The fuzzy c-means clustering method provides an accurate method for quantitative estimation of odorant concentration also as seen in Section 5.3. This is important for determination of the state of spoilage. Particularly, TMA concentration is widely recognized to be a reliable indicator of stage of fish spoilage. There exists a low concentration of TMA in fresh fish also due to bacterial activities in the fish body. After death, however, TMA concentration increases with time as the bacterial degradation advances. The TMA concentration is indicative of time elapsed after death. The TMA discrimination ability of SAW sensor array combined with its sensitivity and fast response may facilitate development
of SAW TMA meter for monitoring the freshness/spoilage of fish products. The list of polymers listed in Table 3 was also prepared by consulting wide literature on characterization and application of polymers for various organic vapors sensing under different situations, see the references mentioned there. We tried to include polymers having wide range of chemical selectivities toward target headspace volatiles for both fish and milk however there may be some significant omissions. The quality of selection will obviously improve with more potential polymers in the list. Further, in simulations we considered only the additive frequency noise. This was done to present only a representative practical
level of noise challenge for analyte detection. In reality, SAW feedback oscillators used for chemical sensing are limited by the phase fluctuations in the SAW frequency control device. The feedback configuration converts these phase fluctuations into frequency fluctuations.

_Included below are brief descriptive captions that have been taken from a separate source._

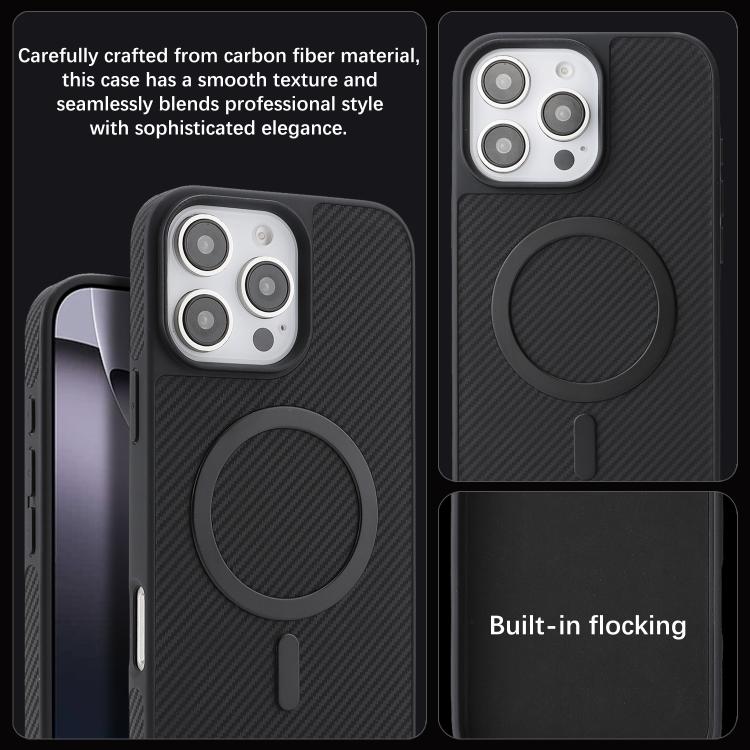 For iPhone 16 Pro Max Kalebol Carbon Fiber MagSafe Phone Case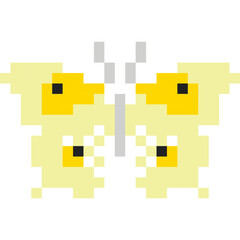 butterfly cartoon icon in pixel style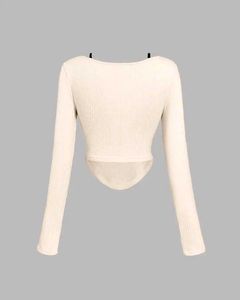 Ribbed Long Sleeve Top with Bow Detail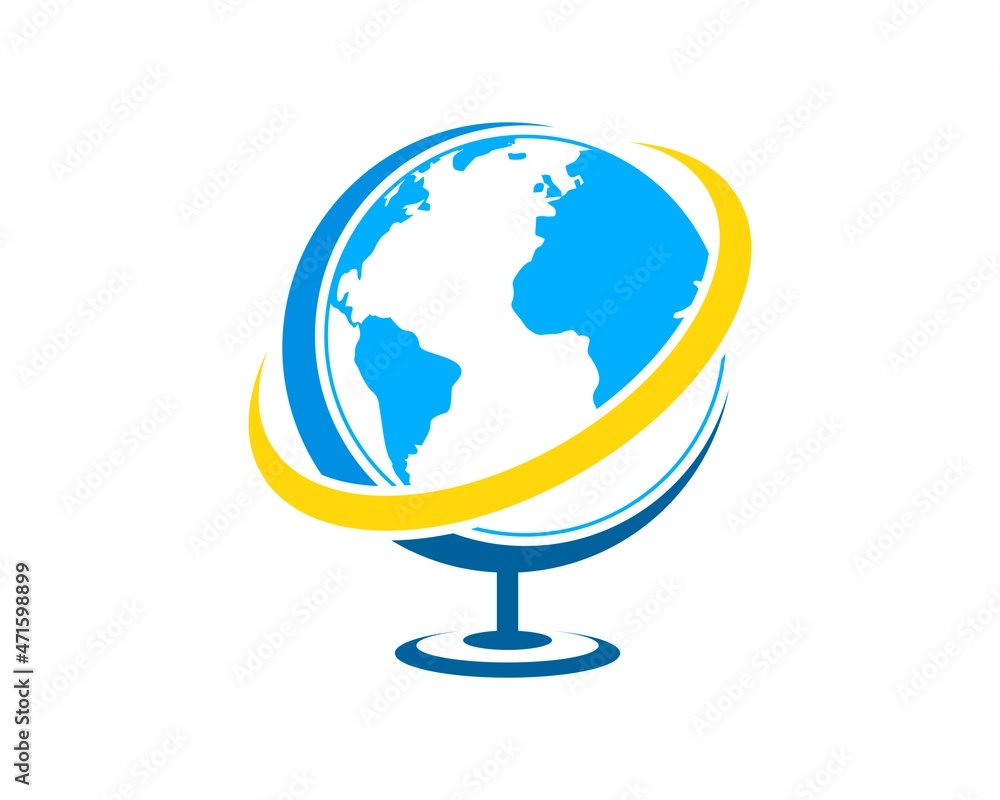 Simple globe of earth with swoosh inside Simple globe of earth with swoosh inside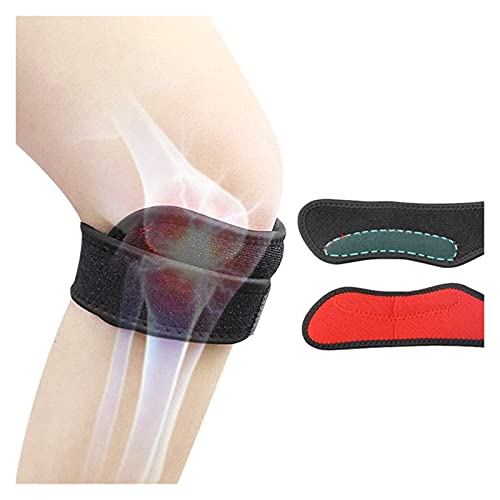 Jsmhh 2 unids Patella Rodilla Correa de rodilla Banda de la rodilla Correr Rodilla Rodilleras Para Puentes de Baloncesto Rodilla Voleibol Tendinitis Artritis (Color : Noir, Size : 40.5x6.5cm)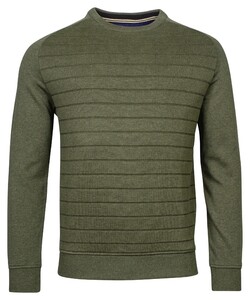 Baileys Sweat Crew Neck Front Double Layer Knit Structured Stripes Trui Groen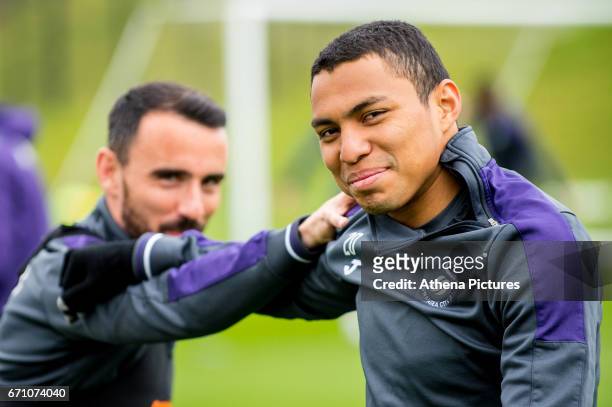 Leon Britton and Jefferson Montero during the Swansea City Training at The Fairwood Training Ground on April 20, 2017 in Swansea, Wales.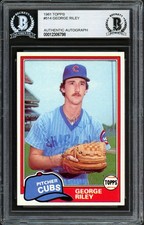 George Riley Signed 1981 Topps Rookie Card #514 Chicago Cubs Beckett #12306798. rookie card picture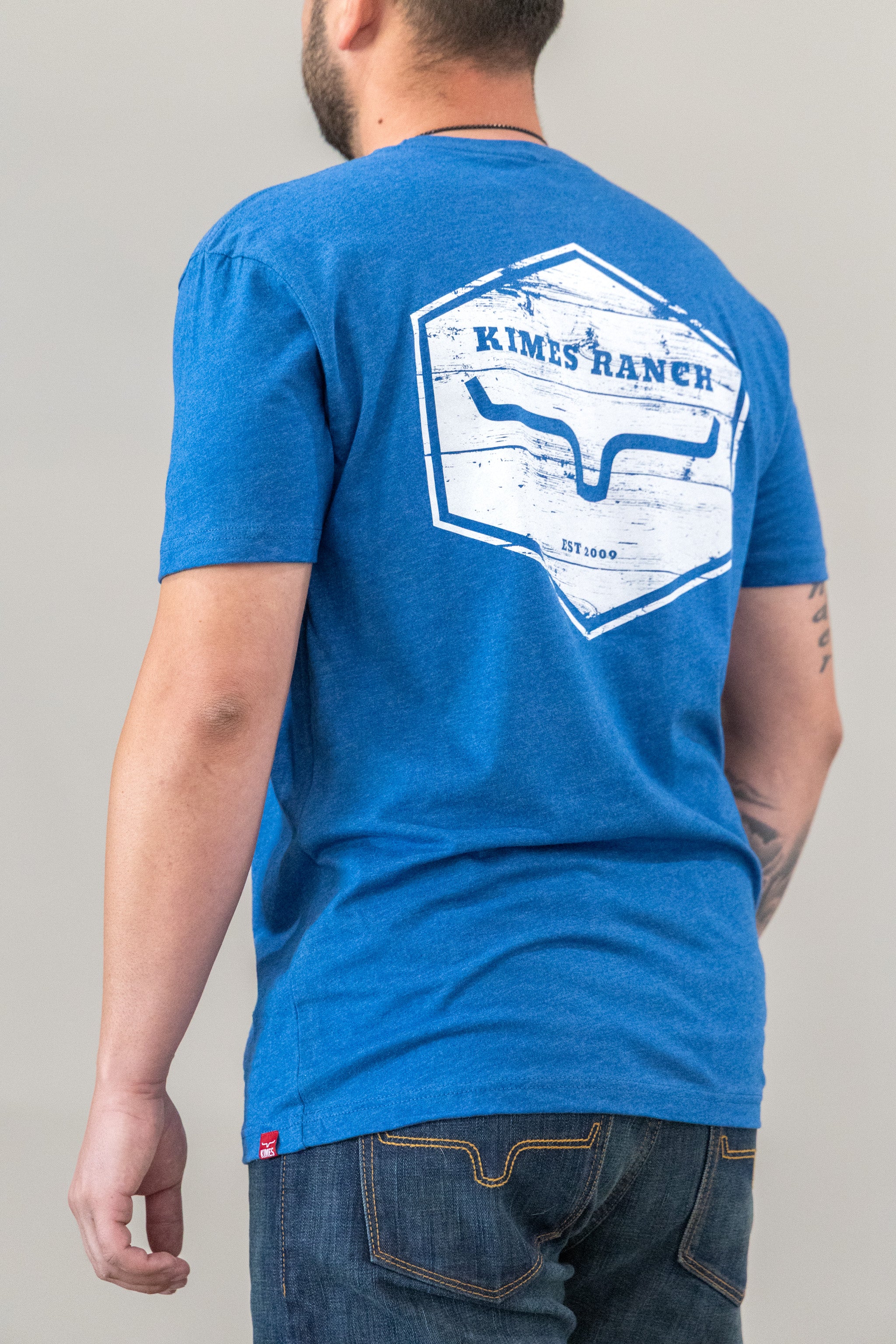 Kimes Ranch Heather Cool Blue Wooden Hex Graphic T-Shirt MSH0000170-HC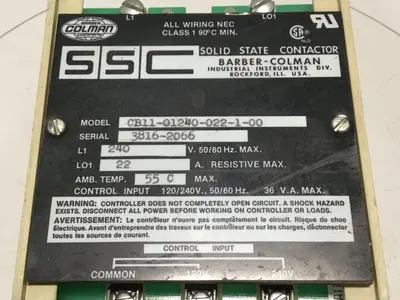 Used BARBER COLMAN CB11-01240-022-1-00 PLC Contactors Michigan US | Ideal Machinery #1318655
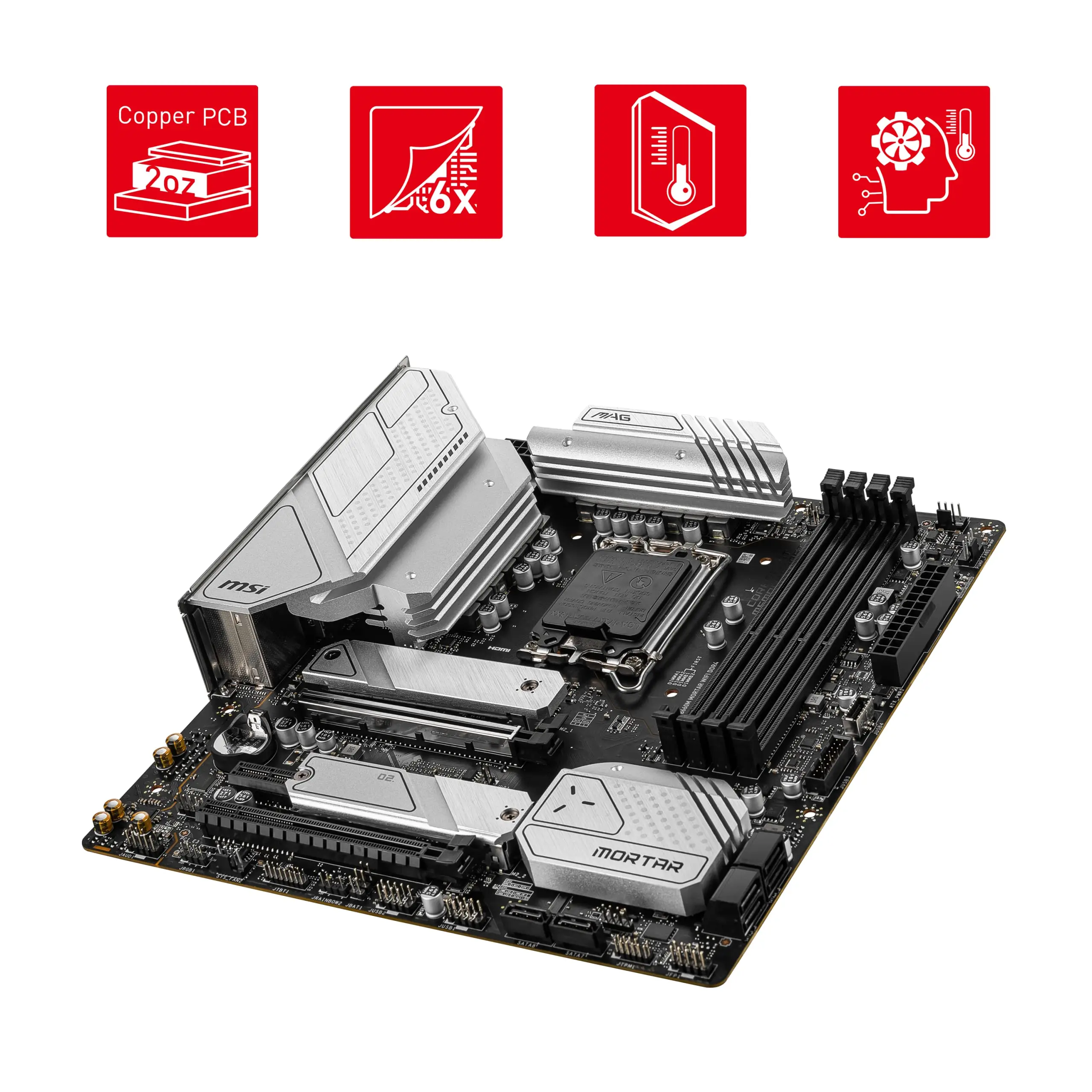 Scheda madre MAG B660M mortaio DDR4, Micro-ATX-supporta processori Core di 12th Gen, memoria LGA 1700 - DDR4 Boost 4800 + MH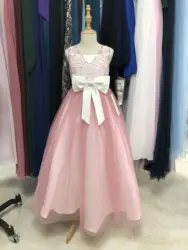 Новинка 2019 года; красивое кружевное шифоновое платье розового цвета с цветочным узором для девочек; mocini портной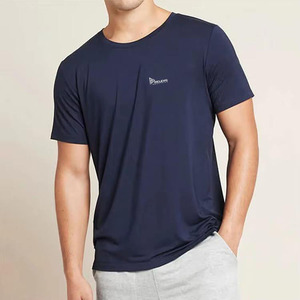 Camiseta Azul de Manga Corta para Hombre con Logotipo Personalizado, Lavado Ácido, 100% Algodón, 220g, Alta Calidad, Estilo Casual - Product Image 6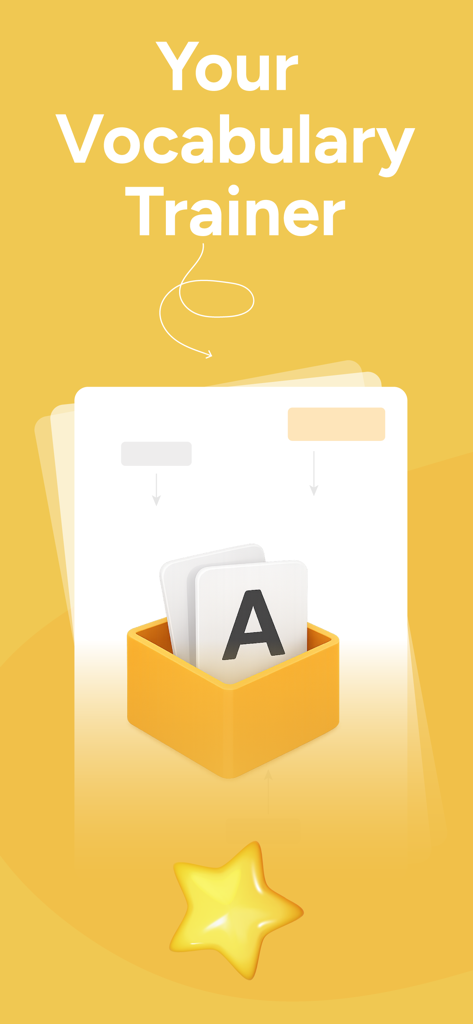 Vocabulary Builder Learn words - Interfaz amarilla de la aplicación de entrenamiento de vocabulario que muestra una caja de tarjetas y un icono de estrella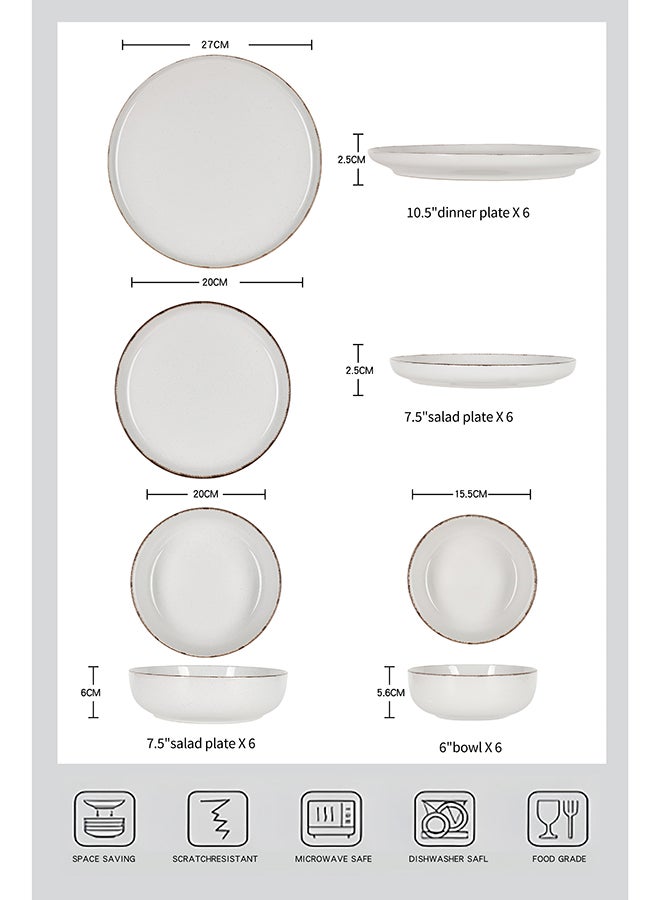 Noon East 24 piece Stoneware Dinnerware Set, Set for 6, Microwave & Dishwasher Safe, White with Brown Rim - Image 3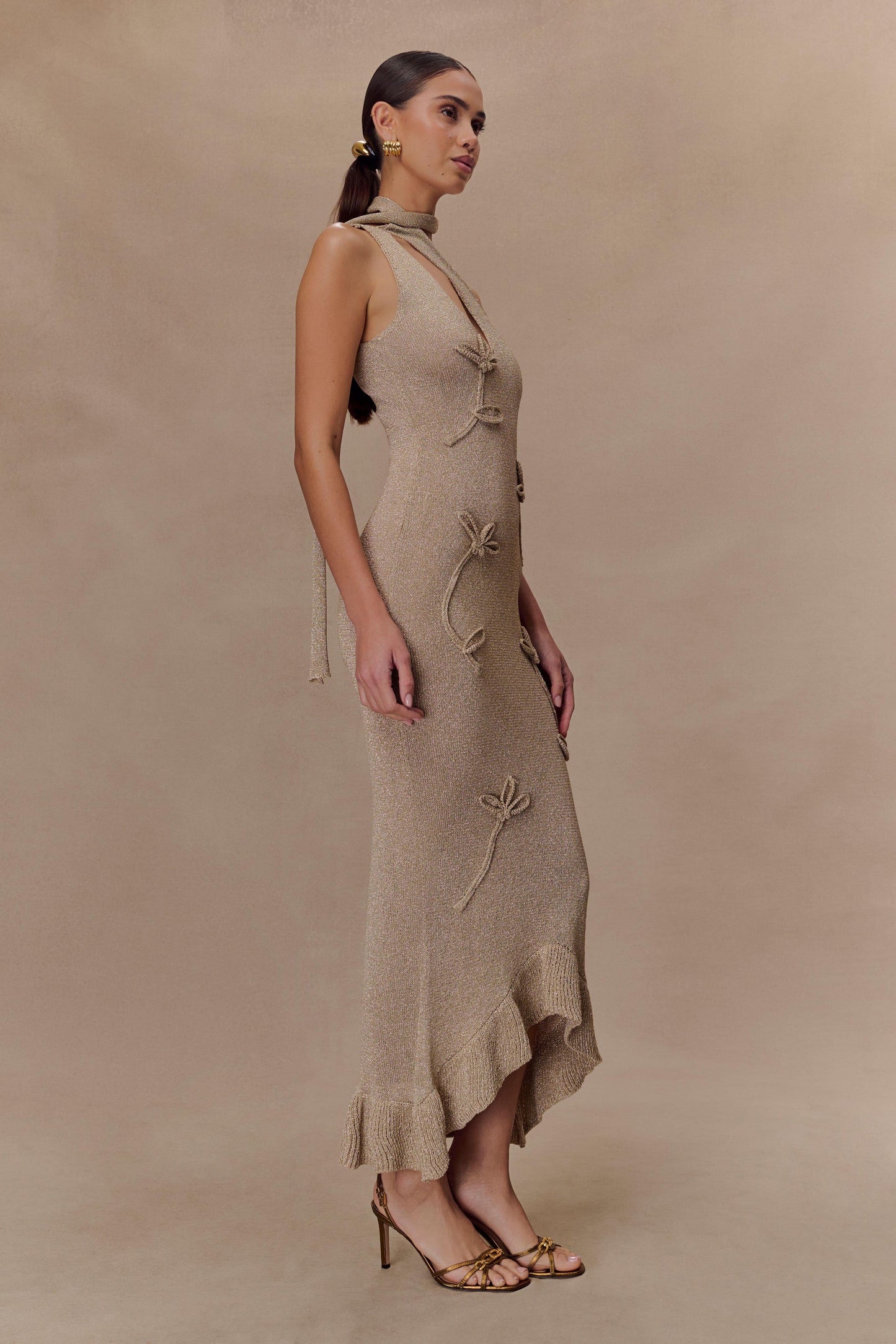 Robe Maxi en Tricot Métallique à Motifs Floraux Celestino - Or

The spectral frequency noise power density SF (F) is related to the spectral phase noise power density S ̊(F) according to SF (F) = F2S ̊(F) where F denotes Fourier (or offset) frequency [126]. The other factor of concern to real SAW sensor operation is the frequency drift due to components aging, sorbents
retention and relaxation in the sensing polymer film. The development of a real SAW sensor system, of course, has to address these issues. In this work our objective was to chalk out a simple procedure for polymer selection by data mining before taking up actual fabrication of sensors. The analyses presented meet this objective very well. By utilizing the available literature in the context of milk and fish associated headspace volatiles we have seen that the fuzzy c-means clustering yields an efficient method for optimal polymer search from a large pool of potential polymers; the efficacy of selection will, of course, depend on the richness of the polymers list and the accuracy of the partition coefficient data. The impact of this approach on SAW electronic nose development can however be felt only after real fabrication and evaluation of application specific systems. The conclusions based on the theoretical SAW sensor array responses are not likely to go far off as the SAW sensor response model is fairly established and widely used [35,42]; worst, if not very precise, the present simulation based analysis and selection approach will certainly reduce the amount of experimentation needed for sensor selection.